[ACTIVITY] Leave every picture out and print exactly the lines that run from the one containing "CHNT (CHNT) National" to the end of the listing.

[SOURCE DATA]

Start of Block

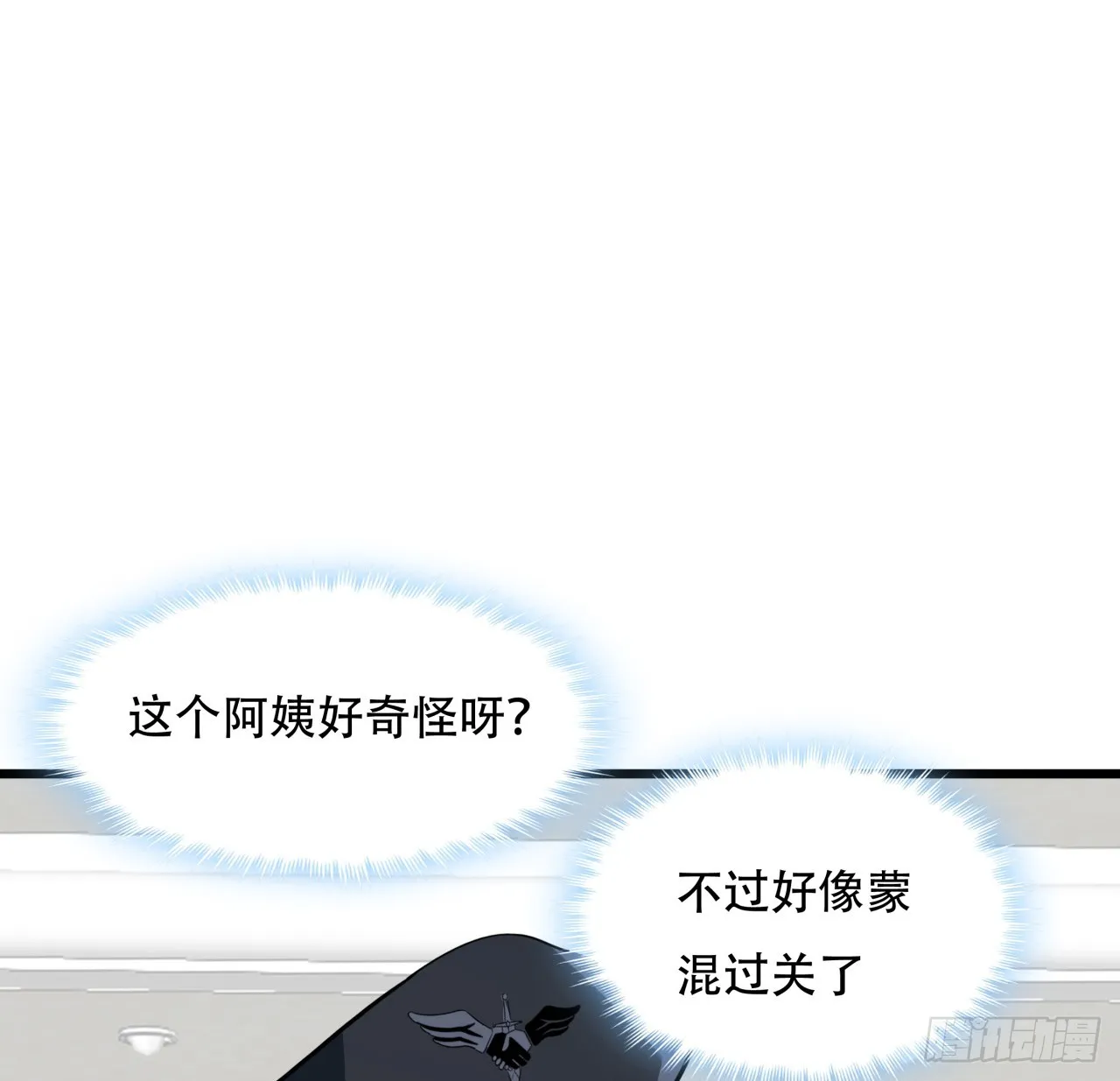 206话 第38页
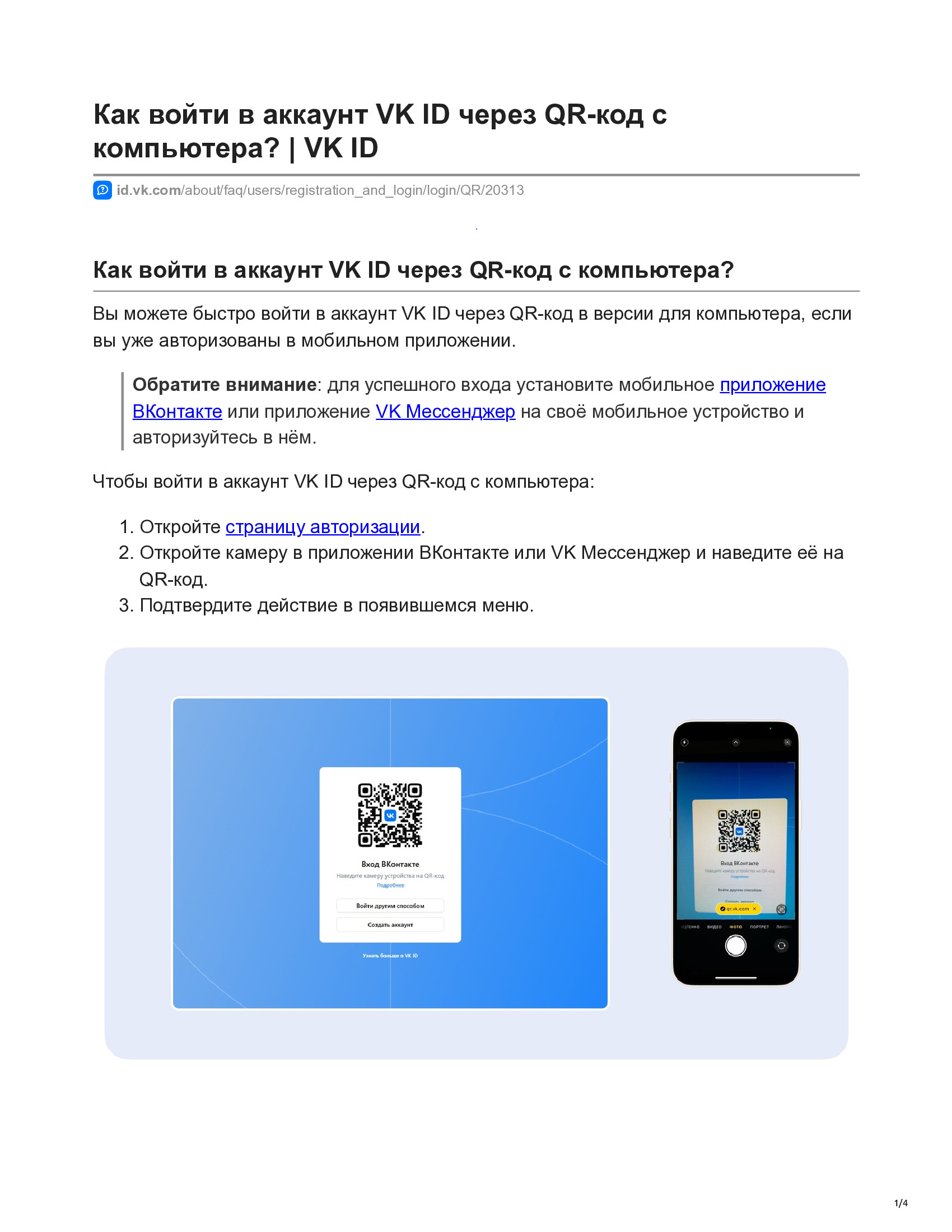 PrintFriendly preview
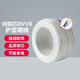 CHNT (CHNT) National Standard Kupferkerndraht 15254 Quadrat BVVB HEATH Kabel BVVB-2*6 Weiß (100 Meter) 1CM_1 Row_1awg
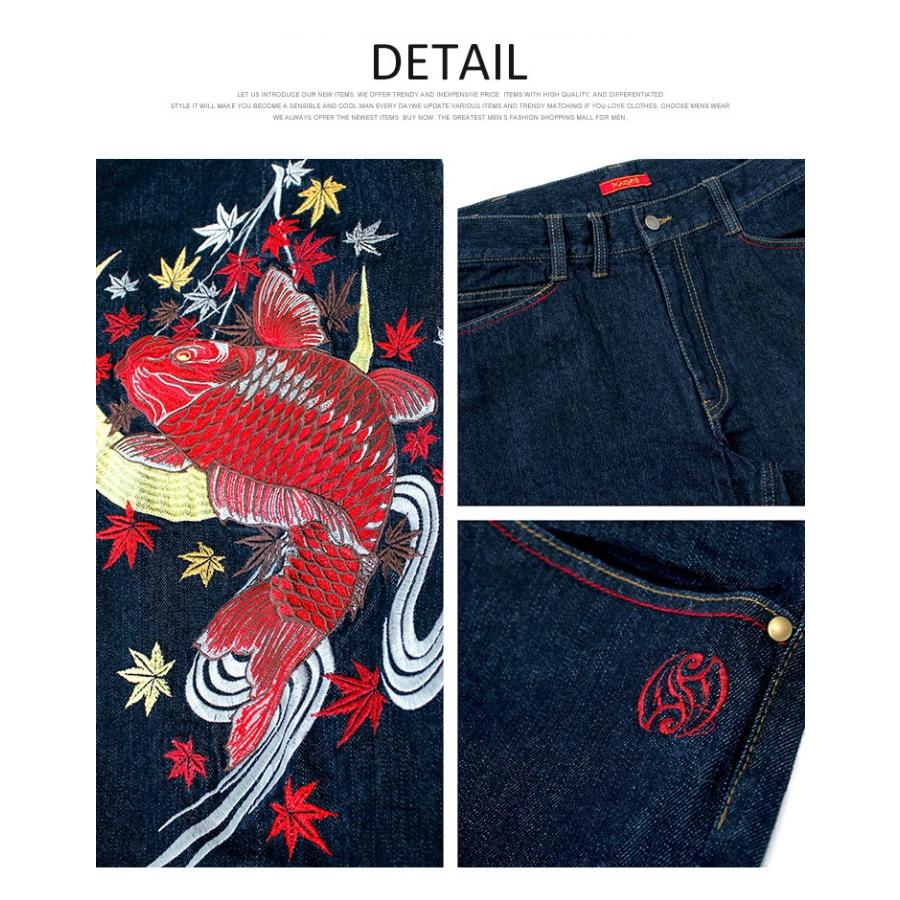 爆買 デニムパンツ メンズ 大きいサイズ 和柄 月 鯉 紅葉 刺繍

End of Block

[WRITTEN REPLY]
 CHNT (CHNT) National Standard Kupferkerndraht 15254 Quadrat BVVB HEATH Kabel BVVB-2*6 Weiß (100 Meter) 1CM_1 Row_1awg
 爆買 デニムパンツ メンズ 大きいサイズ 和柄 月 鯉 紅葉 刺繍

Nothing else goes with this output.